Today Stamos is considered a “second tier” Abstract Expressionist whose work owes much to artists such as William Baziotes and Mark Rothko. It is not impossible that his relegation to lesser status is due in part to the damage done to his artistic reputation when he was implicated in the infamous “Rothko Case.” After Mark Rothko’s suicide in 1970, Stamos was named as one of the executors of the artist’s will. Rothko and Stamos were good friends, and Stamos even provided the Rothko family with burial space for the artist (and his wife, who died just six months after Rothko’s suicide) in his family plot. Nevertheless, it was later revealed, in a lengthy court battle instigated on behalf of Rothko’s children, that the executers, along with the Marlborough Gallery, had defrauded the heirs to Rothko’s estate of hundreds of thousands of dollars by selling 100 of the artist’s works to the gallery at a deep discount. The gallery then sold some of the works for up to 800 percent of what it had paid for them.

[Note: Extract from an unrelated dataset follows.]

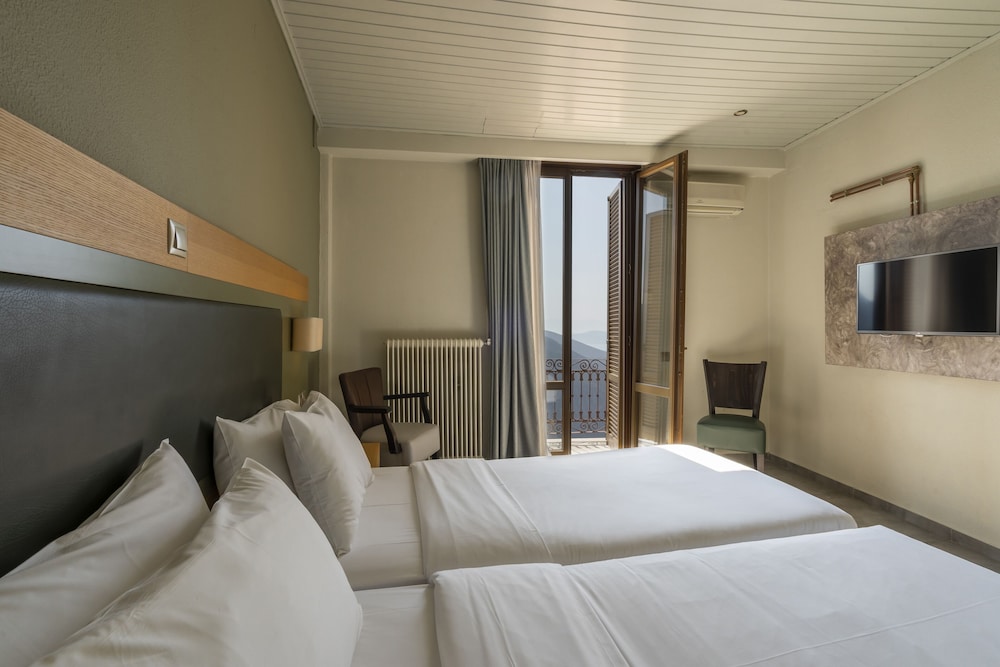 Kastalia Hotel 26/57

Although Stamos made no profit from the deal cut with the Marlborough Gallery, the judge deemed him complicit because, in 1971, Stamos signed a contract to be represented by Marlborough. Regardless of how involved Stamos actually was, when the verdict finally came down and Stamos was implicated, his reputation took a hit from which he never fully recovered. It has only been since the 1980s that the stain has faded sufficiently from Stamos’s reputation for him to begin to be considered again fully on the merits of his work.
Of the four works by Stamos in Crystal Bridges’ collection, most bear the complex color surfaces and the soft-focus organic shapes typical of the artist’s earlier work. In Stamos’s later work, the influence of his friend Rothko is evident in the presence of squares or rectangular fields of color, though the colors often still show the signature “chalky” quality or complex layering of his earlier paintings. In his obituary in 1997, the New York Times said that the strength of Stamos’s work “lay in its sense of muffled light and its sensitive, modulated surface.”

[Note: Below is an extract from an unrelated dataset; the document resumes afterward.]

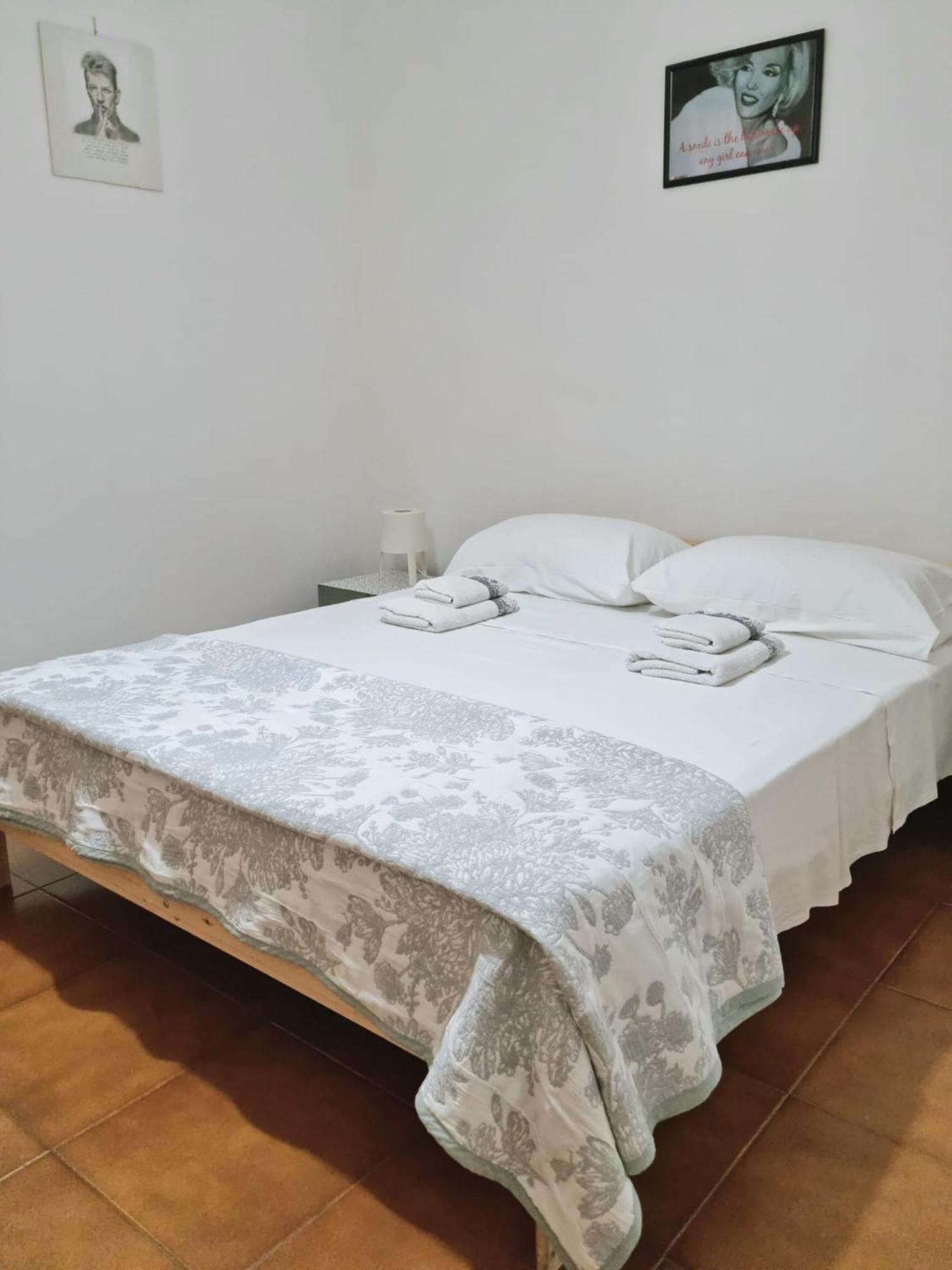 Appartamento Of Fame - Gallery With Fully Equipped Kitchen, Separate Entrance, Free Parking *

When the court case finalized in 1975, Stamos was obliged to surrender his home in Manhattan to the Rothko estate in payment for legal fees, though the family allowed him lifetime tenancy. After that, Stamos lived four months of the year in New York, and the rest of the year he spent in Greece, where he was celebrated as one of the country’s greatest artists. He continued to paint until just a few years before his death.